■ **Prompt**
Go through the listing below and show each line that has the word "Jacket".

== == ==

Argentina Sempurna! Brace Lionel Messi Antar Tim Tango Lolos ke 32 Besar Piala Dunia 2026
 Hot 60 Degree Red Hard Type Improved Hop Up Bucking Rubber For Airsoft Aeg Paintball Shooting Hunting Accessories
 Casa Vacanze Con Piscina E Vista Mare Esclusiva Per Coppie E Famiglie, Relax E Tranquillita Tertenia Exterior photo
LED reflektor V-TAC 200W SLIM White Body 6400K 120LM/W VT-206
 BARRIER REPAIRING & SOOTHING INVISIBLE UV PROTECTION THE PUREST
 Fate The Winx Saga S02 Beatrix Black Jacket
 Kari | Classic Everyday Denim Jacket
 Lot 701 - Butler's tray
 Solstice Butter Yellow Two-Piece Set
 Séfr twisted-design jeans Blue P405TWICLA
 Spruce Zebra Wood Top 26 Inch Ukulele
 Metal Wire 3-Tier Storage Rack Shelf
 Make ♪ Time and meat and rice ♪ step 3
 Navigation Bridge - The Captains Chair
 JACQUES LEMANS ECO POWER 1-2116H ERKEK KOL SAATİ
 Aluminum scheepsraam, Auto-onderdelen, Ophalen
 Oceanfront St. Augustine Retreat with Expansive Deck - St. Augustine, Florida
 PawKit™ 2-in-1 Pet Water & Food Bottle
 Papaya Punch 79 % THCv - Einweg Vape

== == ==

■ **Reply to the task**
 Fate The Winx Saga S02 Beatrix Black Jacket
 Kari | Classic Everyday Denim Jacket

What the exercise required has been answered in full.